### Required work
What is the number of lines below that contain the word "Hyundai"? Respond with that number alone.

### Source material
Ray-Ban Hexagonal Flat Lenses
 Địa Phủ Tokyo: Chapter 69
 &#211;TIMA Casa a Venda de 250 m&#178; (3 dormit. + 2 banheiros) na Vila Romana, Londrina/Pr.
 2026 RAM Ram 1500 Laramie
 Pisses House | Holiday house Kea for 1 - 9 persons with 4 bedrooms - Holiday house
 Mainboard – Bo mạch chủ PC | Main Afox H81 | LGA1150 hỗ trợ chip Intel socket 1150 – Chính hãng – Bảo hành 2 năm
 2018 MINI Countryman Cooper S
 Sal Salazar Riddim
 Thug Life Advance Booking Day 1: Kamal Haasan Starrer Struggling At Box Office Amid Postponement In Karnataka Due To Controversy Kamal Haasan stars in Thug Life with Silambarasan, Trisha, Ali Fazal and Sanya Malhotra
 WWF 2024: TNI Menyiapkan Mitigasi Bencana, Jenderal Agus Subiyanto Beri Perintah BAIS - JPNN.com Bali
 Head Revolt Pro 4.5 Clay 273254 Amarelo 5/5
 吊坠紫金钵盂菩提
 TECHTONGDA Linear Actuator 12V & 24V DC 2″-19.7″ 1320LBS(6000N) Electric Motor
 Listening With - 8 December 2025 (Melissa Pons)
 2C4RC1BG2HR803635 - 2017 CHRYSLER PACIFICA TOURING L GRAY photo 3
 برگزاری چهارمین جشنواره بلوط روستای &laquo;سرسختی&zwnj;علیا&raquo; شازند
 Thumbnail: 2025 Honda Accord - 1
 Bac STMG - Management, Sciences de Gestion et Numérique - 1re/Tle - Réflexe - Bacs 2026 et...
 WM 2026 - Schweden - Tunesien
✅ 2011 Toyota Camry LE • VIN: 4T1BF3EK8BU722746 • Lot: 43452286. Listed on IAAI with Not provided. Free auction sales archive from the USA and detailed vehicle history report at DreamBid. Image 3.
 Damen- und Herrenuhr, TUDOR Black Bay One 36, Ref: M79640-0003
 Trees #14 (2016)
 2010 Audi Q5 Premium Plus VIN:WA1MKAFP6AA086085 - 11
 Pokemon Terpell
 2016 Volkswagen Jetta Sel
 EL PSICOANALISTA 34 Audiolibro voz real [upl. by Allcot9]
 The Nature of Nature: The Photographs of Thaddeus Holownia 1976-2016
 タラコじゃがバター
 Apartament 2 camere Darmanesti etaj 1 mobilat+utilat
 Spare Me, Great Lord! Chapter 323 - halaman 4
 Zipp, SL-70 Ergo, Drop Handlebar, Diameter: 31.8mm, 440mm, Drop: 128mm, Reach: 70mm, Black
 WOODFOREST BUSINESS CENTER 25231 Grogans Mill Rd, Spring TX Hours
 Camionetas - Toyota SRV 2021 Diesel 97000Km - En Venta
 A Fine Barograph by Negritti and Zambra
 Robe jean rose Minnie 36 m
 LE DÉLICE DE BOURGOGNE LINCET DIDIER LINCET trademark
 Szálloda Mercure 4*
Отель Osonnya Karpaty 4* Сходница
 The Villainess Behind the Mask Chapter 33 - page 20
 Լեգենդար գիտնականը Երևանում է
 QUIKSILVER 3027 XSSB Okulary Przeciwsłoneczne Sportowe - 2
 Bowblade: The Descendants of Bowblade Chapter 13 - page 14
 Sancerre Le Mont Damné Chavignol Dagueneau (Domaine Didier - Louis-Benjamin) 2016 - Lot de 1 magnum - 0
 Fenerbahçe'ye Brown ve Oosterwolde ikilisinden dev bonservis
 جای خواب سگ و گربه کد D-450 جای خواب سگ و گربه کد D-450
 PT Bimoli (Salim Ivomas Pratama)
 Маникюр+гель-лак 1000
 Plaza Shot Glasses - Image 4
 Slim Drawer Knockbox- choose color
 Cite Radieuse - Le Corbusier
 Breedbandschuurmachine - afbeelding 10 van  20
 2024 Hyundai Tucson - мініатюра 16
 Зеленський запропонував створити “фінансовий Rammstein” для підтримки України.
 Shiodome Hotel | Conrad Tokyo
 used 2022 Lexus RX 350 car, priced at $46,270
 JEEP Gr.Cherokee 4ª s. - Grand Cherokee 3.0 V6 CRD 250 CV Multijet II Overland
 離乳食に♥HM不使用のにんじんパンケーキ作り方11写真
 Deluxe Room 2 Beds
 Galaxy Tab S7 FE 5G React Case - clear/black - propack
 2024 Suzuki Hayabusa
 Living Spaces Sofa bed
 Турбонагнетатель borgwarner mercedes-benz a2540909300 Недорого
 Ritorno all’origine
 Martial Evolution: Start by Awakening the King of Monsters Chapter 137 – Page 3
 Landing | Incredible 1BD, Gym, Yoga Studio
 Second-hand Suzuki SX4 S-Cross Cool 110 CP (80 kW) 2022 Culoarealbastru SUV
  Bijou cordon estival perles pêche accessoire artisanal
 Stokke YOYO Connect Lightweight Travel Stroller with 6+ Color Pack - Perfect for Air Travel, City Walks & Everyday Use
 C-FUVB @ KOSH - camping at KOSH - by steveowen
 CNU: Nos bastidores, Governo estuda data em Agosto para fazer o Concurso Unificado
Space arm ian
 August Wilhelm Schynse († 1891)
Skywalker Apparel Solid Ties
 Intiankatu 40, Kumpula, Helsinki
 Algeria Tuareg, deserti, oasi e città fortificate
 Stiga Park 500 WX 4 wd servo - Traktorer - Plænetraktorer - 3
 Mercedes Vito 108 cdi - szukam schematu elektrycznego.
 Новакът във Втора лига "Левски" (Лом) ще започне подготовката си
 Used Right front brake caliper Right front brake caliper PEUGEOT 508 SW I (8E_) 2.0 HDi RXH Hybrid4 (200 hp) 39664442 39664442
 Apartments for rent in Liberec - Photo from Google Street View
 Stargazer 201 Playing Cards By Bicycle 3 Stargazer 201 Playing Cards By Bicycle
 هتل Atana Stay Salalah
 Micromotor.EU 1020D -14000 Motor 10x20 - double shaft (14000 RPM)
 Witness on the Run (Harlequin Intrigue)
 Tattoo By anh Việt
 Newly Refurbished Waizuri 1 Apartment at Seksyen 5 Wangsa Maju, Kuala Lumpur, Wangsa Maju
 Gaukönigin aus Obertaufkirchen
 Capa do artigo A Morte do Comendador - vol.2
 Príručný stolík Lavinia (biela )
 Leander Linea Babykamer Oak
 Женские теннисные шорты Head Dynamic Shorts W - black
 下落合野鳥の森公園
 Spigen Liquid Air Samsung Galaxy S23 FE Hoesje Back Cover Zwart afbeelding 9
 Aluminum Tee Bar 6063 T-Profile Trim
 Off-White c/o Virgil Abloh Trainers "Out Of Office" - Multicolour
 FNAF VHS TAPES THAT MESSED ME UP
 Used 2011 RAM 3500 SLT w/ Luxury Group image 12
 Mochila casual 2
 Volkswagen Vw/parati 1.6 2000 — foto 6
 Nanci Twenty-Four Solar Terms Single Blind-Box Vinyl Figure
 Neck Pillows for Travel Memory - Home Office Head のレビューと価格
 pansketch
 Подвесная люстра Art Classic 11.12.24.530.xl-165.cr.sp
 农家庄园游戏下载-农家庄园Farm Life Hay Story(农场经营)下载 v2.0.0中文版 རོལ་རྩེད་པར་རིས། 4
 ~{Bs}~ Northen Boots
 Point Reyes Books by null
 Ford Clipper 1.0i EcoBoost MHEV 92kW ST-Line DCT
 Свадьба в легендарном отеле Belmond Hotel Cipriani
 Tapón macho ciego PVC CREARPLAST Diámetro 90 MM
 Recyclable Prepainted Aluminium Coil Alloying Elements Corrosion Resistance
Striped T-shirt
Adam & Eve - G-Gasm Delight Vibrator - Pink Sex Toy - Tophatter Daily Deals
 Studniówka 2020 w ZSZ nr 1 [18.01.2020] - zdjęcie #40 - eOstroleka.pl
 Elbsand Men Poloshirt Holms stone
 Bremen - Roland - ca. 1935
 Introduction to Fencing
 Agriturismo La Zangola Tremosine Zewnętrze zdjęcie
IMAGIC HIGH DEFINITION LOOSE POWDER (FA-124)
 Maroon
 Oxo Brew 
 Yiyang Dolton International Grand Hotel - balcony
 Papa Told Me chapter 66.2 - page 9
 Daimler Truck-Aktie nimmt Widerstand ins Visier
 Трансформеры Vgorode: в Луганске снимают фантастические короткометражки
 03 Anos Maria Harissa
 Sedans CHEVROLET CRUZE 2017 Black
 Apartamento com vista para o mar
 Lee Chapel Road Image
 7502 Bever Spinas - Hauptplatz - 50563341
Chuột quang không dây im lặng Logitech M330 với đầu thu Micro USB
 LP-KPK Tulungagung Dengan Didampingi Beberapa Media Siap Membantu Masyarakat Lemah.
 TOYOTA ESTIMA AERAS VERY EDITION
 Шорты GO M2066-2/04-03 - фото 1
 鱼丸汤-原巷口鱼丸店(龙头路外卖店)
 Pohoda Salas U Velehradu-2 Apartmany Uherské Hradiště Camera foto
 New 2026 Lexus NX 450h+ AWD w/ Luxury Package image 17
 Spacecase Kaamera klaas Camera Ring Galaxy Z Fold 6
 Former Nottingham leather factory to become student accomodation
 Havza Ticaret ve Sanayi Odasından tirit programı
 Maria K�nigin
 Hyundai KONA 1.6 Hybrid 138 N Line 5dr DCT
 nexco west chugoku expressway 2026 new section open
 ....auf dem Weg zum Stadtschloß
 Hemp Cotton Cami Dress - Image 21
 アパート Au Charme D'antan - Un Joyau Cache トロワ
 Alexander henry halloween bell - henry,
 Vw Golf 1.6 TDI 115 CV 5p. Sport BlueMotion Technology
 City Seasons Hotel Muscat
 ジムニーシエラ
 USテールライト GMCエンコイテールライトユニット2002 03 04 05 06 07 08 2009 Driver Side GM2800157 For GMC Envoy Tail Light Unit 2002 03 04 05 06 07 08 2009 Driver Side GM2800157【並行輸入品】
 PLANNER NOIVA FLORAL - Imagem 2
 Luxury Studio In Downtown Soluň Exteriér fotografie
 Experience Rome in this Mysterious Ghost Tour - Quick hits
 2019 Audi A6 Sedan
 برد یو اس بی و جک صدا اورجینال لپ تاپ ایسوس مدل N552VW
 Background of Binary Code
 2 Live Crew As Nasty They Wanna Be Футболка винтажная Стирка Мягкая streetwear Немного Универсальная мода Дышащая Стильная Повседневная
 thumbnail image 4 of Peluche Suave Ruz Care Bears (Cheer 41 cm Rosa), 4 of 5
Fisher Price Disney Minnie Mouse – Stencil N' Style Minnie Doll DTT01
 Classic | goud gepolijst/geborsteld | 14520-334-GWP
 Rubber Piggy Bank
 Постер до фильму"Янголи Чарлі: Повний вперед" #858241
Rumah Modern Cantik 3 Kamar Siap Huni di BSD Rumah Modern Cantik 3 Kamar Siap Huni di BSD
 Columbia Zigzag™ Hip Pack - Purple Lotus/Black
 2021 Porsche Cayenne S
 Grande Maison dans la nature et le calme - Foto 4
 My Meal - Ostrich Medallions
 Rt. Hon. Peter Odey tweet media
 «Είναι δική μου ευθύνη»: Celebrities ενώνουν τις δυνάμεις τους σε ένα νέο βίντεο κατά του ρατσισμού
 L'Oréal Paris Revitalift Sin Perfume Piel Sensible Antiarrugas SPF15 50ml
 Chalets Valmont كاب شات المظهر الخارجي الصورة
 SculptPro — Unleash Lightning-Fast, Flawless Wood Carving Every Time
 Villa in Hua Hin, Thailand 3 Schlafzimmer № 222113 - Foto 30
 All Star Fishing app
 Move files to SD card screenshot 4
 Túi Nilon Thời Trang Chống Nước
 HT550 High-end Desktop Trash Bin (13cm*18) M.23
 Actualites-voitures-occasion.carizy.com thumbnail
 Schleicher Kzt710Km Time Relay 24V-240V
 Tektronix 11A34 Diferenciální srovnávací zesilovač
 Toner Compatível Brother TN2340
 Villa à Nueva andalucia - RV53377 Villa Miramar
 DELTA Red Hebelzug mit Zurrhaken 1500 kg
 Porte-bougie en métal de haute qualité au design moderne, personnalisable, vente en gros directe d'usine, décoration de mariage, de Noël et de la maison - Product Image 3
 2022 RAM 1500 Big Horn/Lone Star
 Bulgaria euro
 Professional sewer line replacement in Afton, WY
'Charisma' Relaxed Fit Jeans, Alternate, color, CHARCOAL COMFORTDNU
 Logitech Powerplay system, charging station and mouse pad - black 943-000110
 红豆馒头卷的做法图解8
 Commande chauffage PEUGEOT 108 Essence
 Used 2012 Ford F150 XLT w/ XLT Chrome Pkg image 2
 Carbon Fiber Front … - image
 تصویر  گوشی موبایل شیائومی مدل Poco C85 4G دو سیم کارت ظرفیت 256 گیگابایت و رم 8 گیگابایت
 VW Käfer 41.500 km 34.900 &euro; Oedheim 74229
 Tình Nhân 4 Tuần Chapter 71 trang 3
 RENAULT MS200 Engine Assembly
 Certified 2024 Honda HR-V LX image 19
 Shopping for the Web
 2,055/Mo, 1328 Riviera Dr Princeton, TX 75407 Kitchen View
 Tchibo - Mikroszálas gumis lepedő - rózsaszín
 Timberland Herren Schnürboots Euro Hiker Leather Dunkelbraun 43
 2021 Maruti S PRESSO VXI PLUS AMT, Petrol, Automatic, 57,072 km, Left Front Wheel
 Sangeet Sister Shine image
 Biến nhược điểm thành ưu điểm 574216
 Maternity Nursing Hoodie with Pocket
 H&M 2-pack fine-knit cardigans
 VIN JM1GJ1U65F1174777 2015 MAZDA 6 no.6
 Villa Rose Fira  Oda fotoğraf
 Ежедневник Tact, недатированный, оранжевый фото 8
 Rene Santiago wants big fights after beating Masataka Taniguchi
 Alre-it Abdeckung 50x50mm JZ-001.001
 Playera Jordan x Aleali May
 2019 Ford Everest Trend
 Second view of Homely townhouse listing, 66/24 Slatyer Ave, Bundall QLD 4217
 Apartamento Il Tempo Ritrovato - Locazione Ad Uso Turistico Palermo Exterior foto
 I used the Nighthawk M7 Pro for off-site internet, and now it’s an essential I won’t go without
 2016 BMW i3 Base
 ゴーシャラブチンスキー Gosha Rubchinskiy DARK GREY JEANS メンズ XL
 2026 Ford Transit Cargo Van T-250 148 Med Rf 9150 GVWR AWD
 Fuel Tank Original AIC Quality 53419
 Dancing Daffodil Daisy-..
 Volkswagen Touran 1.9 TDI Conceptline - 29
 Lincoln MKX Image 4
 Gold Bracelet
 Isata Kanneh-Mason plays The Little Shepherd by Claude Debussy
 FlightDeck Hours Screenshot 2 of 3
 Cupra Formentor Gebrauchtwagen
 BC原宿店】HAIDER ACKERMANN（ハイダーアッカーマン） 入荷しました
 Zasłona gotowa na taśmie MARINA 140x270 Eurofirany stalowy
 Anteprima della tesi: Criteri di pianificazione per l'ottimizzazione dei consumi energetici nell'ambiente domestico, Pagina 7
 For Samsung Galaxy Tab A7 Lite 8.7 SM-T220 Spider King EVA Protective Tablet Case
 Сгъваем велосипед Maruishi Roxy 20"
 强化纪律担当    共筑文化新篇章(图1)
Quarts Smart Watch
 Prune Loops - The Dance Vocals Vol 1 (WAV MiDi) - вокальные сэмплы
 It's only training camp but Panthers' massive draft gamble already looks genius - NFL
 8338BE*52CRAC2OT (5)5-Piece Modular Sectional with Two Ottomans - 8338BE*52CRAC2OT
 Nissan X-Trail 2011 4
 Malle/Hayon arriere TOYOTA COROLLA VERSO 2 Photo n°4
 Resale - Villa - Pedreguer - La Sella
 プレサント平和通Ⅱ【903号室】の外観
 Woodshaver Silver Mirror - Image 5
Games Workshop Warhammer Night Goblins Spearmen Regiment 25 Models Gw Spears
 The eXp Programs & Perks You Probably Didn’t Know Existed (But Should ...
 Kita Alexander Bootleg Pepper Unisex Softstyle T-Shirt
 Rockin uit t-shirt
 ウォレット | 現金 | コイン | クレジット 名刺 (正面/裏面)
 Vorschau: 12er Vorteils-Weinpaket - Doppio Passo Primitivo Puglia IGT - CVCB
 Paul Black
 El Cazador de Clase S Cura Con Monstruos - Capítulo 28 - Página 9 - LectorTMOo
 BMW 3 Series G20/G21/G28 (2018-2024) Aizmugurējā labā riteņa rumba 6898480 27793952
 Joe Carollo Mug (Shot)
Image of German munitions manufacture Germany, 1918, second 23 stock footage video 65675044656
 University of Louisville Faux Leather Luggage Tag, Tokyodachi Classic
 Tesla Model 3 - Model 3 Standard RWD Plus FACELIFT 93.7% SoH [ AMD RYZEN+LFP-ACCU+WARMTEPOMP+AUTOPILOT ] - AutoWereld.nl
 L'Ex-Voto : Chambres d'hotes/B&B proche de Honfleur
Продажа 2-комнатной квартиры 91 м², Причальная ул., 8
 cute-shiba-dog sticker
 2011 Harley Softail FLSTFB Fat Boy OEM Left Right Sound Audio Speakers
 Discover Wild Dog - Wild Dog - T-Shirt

### Exercise response
2